Bringing sophistication and elegance international designers opted to show the versatility and beauty
of fur and London’s top designers did not disappoint with a selection of fabulous bold furs."

International Fur Trade Federation ma galerię blisko 200 zdjęć z futrami z pokazu w Londynie.

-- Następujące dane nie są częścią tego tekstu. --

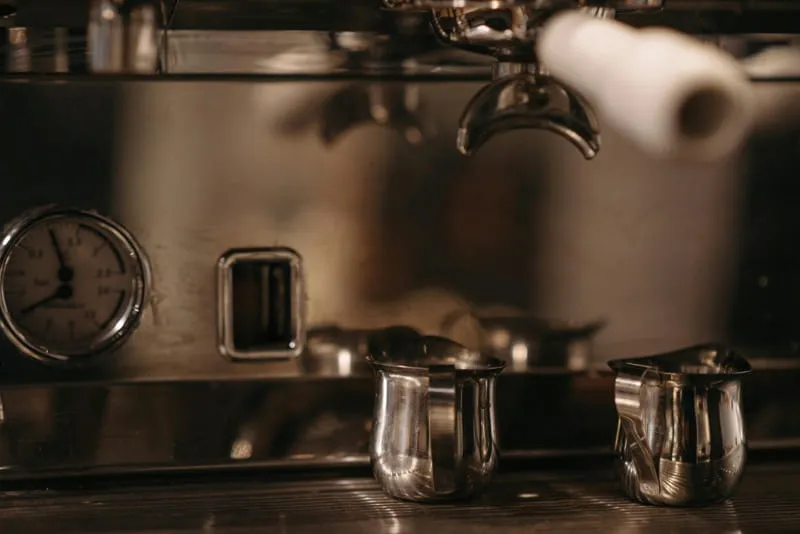 Barista operating professional espresso machine at coffee bar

Organizacja ta również śledzi jakie znane osoby noszą futra i pokazuje galerię

Re: 93 proc. Brytyjczyków nie założy naturalnego futra

PostNapisane: 14 paź 2013, o 12:15
przez blackgul
Wiemy też, że został przeprowadzony przy okazji Londyńskiego tygodnia mody. Nie wiemy jak dokładnie zostały sformułowane pytania , czy były na tak/nie czy dawały większą swobodę wyboru, oraz czy dotyczyły tylko futra (jeśli były związane z tygodniem mody mogły przecież równie dobrze dotyczyć skóry, wełny i jedwabiu).

Zaprezentowane odpowiedzi wyglądają tak, jakby sondaż dotyczył wyłącznie futer. Jeśli organizacja prozwierzęca przed Tygodniem Mody robi sondaż na temat stosunku ludzi do noszenia futer zwierzęcych, to już samo wyizolowanie futer z innych materiałów odzwierzęcych i pominięcie skóry czy wełny, które noszone są w nieporównywalnie większym stopniu, może być (sądzę dziś, że jest) bardzo sugestywne w tym sensie, o którym mówi Francione. Takie akcje dobrze się robi, łatwo jest skupić uwagę ludzi na pojedynczym temacie, ale co dalej? Łatwo jest koncentrując się na jednej formie eksploatacji dać mylne wrażenie, że jest ta forma jest jakoś szczególnie zła i szczególnie zbędna - dla konsumentów. A przecież nie jest. Ani noszenie futer ani skór, wełny czy jedwabiu nie jest nam potrzebne do zdrowia i życia. Praktycznie każde noszenie skór czy futer jak również wełny czy jedwabiu wiąże się z cierpieniem i śmiercią zwierząt.

Re: 93 proc. Brytyjczyków nie założy naturalnego futra

PostNapisane: 18 paź 2013, o 12:34
przez Dagonet
Hmm ciekawy jestem jakie byłyby wyniki analogicznej sondy przeprowadzonej na ulicach polskich miast?